A new report from the National Heart, Lung, and Blood Institute (NHLBI), which is based out of the National Institutes of Health, has found that there have been improvements in the numbers, which is encouraging. This came right on the heels of National Wear Red Day, which just passed on February 2nd. Dr. Elizabeth G. Nabel, MD, the director of NHLBI stated “To see such a significant reduction in deaths underscores that the efforts of many individuals and organizations to raise awareness, improve treatment and access, and inspire women to take action are truly saving lives.”

In the report, researchers looked at preliminary data from 2004 and conducted an analysis to determine what changes have been occurring in death rates among women with heart disease. Over the past few years, they found that a steady decline in deaths has been occurring among women in the United States, which has been happening steadily from 200 to 2004. This kind of consecutive decline has never been seen in the past.

Plus, add on to this the fact that in 2004 women faced the highest life expectancy yet — 80.4 — years, and we have a cause to celebrate. Undoubtedly, one of the major contributors to this positive change is awareness. Women are increasingly familiar with heart disease and its effects. In fact, awareness has gone up significantly in only five years — from 34% of women being aware of heart disease in 2000 to 55% in 2005.
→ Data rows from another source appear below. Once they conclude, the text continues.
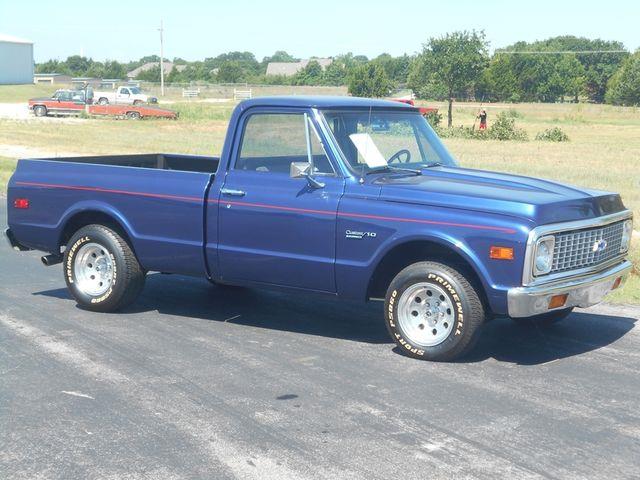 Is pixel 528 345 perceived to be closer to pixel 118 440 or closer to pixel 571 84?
pixel 118 440

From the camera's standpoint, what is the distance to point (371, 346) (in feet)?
24.3

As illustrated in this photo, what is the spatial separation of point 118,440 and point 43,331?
8.97 feet

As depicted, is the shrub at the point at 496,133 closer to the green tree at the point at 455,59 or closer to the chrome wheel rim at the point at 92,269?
the green tree at the point at 455,59

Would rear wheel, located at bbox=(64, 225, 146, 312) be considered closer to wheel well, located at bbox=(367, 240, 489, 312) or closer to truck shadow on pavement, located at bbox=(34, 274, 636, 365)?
truck shadow on pavement, located at bbox=(34, 274, 636, 365)

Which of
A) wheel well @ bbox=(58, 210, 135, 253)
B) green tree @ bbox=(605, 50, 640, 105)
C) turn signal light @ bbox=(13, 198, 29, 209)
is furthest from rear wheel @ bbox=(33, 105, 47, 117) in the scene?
green tree @ bbox=(605, 50, 640, 105)

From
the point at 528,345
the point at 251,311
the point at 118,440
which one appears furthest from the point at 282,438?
the point at 251,311

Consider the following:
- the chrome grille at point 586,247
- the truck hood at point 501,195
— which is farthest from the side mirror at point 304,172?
the chrome grille at point 586,247

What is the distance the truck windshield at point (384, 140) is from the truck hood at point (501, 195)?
0.73ft

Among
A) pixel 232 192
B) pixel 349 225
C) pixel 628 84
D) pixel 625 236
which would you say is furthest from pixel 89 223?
pixel 628 84

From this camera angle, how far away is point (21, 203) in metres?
8.84

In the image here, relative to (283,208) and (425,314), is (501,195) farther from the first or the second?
(283,208)

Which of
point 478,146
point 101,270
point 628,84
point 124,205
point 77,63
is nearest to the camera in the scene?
point 124,205

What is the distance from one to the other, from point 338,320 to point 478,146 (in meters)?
29.4

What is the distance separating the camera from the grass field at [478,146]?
22.6 meters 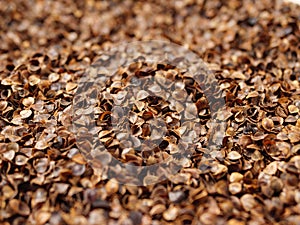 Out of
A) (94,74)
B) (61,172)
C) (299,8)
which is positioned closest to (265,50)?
(299,8)

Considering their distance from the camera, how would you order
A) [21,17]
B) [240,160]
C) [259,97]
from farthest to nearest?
[21,17]
[259,97]
[240,160]

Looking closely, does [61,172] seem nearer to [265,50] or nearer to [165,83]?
[165,83]

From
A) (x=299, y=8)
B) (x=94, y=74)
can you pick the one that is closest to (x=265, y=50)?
(x=299, y=8)

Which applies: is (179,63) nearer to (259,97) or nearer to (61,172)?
(259,97)

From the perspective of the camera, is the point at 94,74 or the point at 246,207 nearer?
the point at 246,207

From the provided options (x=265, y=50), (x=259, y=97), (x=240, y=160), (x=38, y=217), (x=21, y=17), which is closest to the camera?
(x=38, y=217)

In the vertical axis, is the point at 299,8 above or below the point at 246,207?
above

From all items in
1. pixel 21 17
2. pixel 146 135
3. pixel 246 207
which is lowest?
pixel 246 207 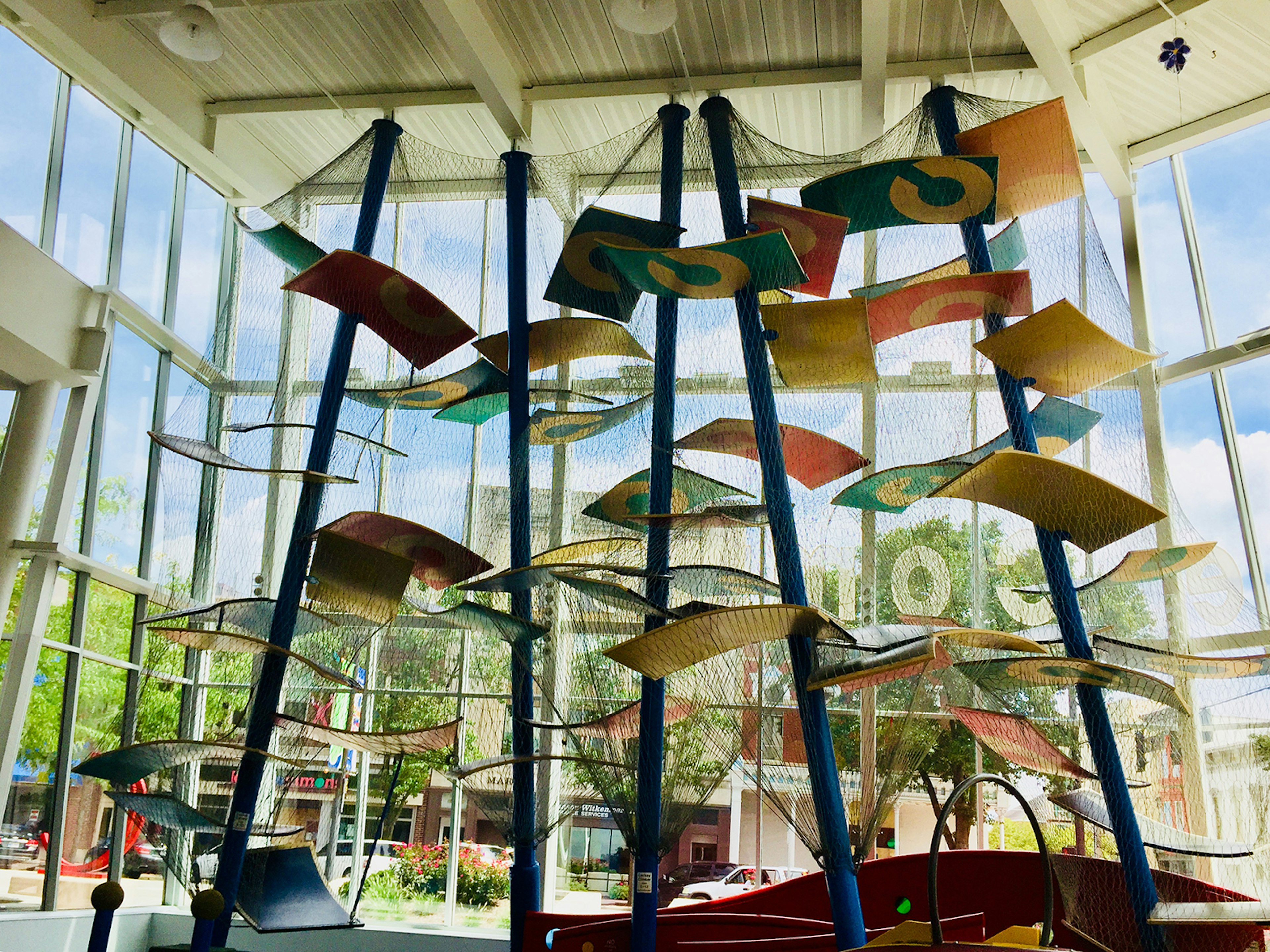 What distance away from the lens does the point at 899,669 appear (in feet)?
19.9

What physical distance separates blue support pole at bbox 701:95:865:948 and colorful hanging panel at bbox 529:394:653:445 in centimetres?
100

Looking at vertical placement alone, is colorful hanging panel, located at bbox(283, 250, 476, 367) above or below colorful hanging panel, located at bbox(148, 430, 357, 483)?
above

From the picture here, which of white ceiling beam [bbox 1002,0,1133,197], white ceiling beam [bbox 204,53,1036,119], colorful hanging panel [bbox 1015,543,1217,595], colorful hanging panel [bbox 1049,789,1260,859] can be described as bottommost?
colorful hanging panel [bbox 1049,789,1260,859]

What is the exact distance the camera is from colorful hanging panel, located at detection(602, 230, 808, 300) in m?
7.09

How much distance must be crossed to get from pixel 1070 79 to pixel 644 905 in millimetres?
7553

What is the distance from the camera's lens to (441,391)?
880cm

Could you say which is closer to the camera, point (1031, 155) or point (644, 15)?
point (1031, 155)

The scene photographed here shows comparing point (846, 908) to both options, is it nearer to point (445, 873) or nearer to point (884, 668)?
point (884, 668)

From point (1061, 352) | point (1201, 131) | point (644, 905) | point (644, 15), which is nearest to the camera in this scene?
point (644, 905)

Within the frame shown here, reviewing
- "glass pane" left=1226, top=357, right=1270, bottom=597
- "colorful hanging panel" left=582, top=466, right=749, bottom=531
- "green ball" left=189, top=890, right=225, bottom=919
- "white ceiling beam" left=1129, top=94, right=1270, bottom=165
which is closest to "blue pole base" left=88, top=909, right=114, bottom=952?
"green ball" left=189, top=890, right=225, bottom=919

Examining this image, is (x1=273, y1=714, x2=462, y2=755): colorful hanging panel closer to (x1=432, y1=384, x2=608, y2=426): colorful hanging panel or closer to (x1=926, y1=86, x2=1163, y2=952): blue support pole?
(x1=432, y1=384, x2=608, y2=426): colorful hanging panel

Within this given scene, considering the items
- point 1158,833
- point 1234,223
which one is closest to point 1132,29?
point 1234,223

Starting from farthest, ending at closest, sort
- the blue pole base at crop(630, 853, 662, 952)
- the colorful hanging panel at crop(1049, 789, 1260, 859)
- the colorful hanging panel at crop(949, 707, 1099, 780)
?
1. the blue pole base at crop(630, 853, 662, 952)
2. the colorful hanging panel at crop(949, 707, 1099, 780)
3. the colorful hanging panel at crop(1049, 789, 1260, 859)

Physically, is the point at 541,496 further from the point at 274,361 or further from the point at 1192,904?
the point at 1192,904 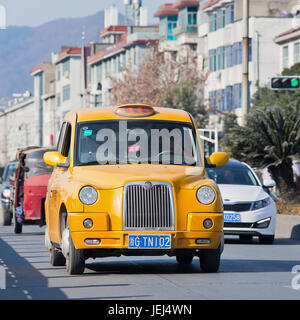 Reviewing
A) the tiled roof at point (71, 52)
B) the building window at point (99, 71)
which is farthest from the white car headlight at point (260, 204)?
the tiled roof at point (71, 52)

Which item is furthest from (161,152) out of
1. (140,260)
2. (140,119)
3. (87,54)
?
(87,54)

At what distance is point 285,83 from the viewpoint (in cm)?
3312

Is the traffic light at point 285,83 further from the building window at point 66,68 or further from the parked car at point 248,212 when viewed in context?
the building window at point 66,68

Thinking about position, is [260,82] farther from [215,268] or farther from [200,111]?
[215,268]

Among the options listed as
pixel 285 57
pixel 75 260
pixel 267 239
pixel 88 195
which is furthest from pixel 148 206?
pixel 285 57

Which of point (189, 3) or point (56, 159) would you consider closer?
point (56, 159)

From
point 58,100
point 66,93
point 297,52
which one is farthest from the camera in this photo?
point 58,100

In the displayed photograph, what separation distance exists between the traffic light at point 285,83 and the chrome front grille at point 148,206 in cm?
1939

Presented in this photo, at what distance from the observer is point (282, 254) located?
63.4 ft

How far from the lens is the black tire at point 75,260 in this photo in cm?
1415

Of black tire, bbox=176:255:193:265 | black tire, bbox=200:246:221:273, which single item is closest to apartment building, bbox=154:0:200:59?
black tire, bbox=176:255:193:265

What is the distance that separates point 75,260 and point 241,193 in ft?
27.6

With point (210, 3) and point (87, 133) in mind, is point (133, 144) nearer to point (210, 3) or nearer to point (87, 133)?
point (87, 133) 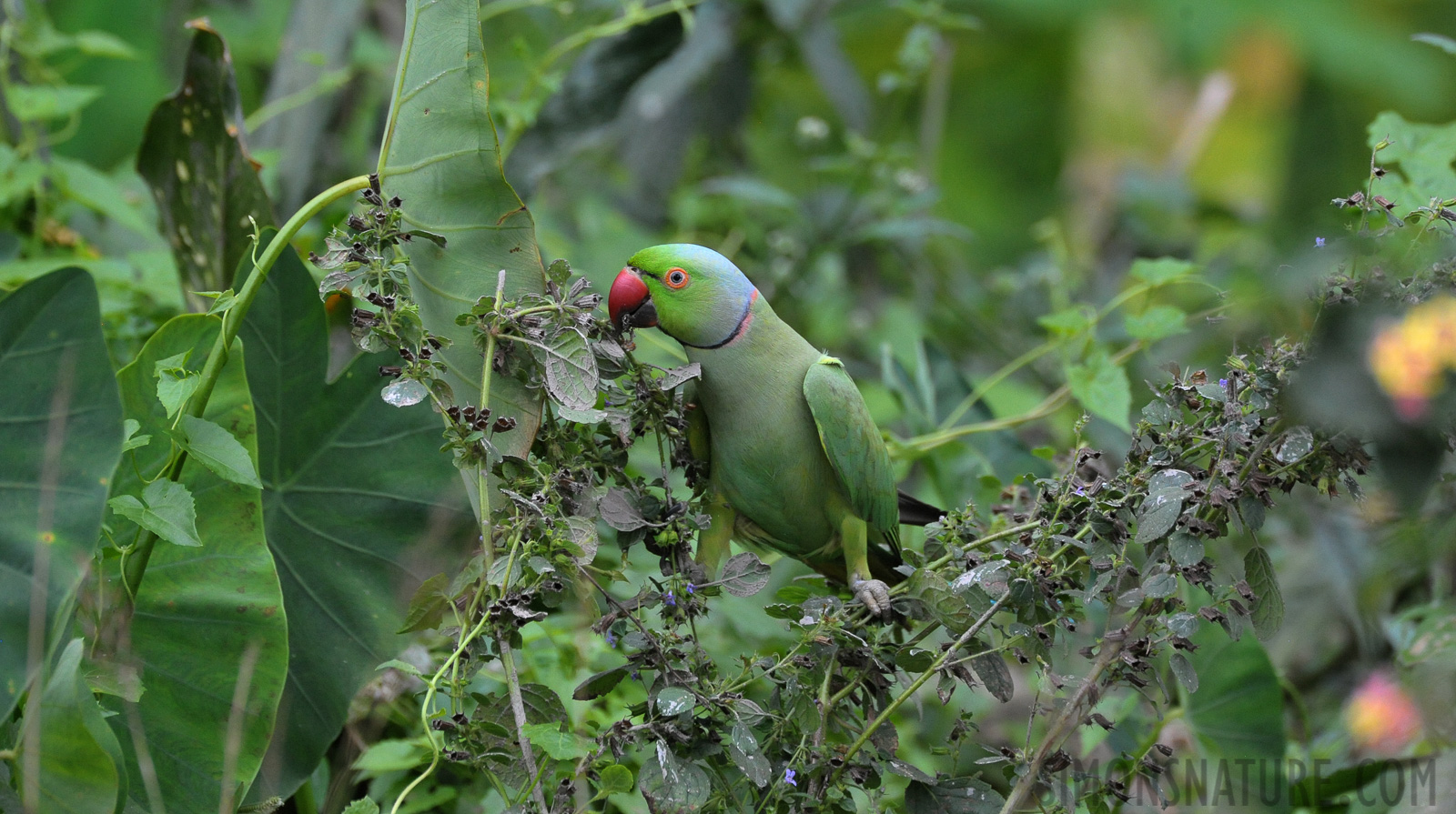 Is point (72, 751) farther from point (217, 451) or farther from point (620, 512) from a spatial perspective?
point (620, 512)

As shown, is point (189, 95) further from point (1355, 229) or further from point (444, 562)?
point (1355, 229)

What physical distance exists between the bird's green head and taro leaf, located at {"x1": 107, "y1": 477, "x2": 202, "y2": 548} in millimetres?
519

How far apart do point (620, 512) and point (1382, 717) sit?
1498mm

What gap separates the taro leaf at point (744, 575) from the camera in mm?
1166

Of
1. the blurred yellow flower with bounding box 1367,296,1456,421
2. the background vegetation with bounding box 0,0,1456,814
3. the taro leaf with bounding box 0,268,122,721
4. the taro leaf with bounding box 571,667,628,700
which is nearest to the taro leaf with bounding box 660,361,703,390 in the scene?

According to Dr, Nabel, “We are confident that recent advancements in the women and heart disease movement have helped to propel this change. More women are aware that heart disease is their leading killer, and research shows that this heightened awareness is leading them to take action to reduce their risk. They are more likely to step up their physical activity, eat healthier, and lose weight.”

Now, even though this is a positive development, know that heart disease still runs rampant. It is the number one killer in women. Unfortunately, countless women still do not see heart disease as posing a risk in their lives — even though many of them have one or more risk factors for the disease. Plus, heart disease is still a more serious threat among African American women as well.

If you are female, be aware of the risk factors that are associated with heart disease. There are certain risk factors that some women are forced to face, such as being over 55 or having a family history of the disease. However, there are many other factors that you can take control of, such as high blood cholesterol, high blood pressure, being overweight or obese, smoking, or living a sedentary lifestyle.

If you have even one of these problems, you are officially at risk for heart disease. Take control today and don’t become a statistic. Speak to your doctor about what you can do to reduce or eliminate the risk of heart disease happening to you.